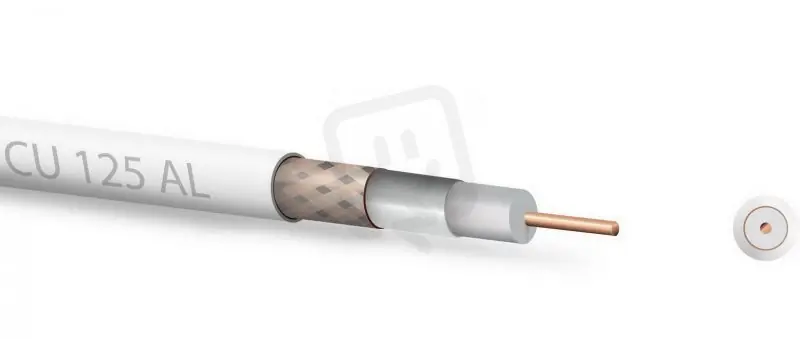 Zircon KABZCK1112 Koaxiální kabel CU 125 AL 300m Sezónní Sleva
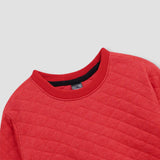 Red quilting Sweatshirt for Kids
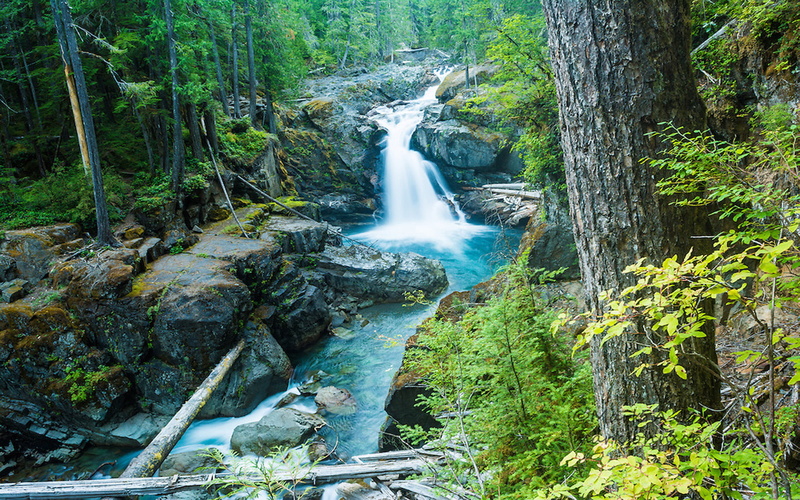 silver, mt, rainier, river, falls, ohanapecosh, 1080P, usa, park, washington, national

■ What you should do: Quote the full listing above word for word; exclude every picture from the copy.

■ Worked solution:
 Zircon KABZCK1112 Koaxiální kabel CU 125 AL 300m Sezónní Sleva
 Red quilting Sweatshirt for Kids
 silver, mt, rainier, river, falls, ohanapecosh, 1080P, usa, park, washington, national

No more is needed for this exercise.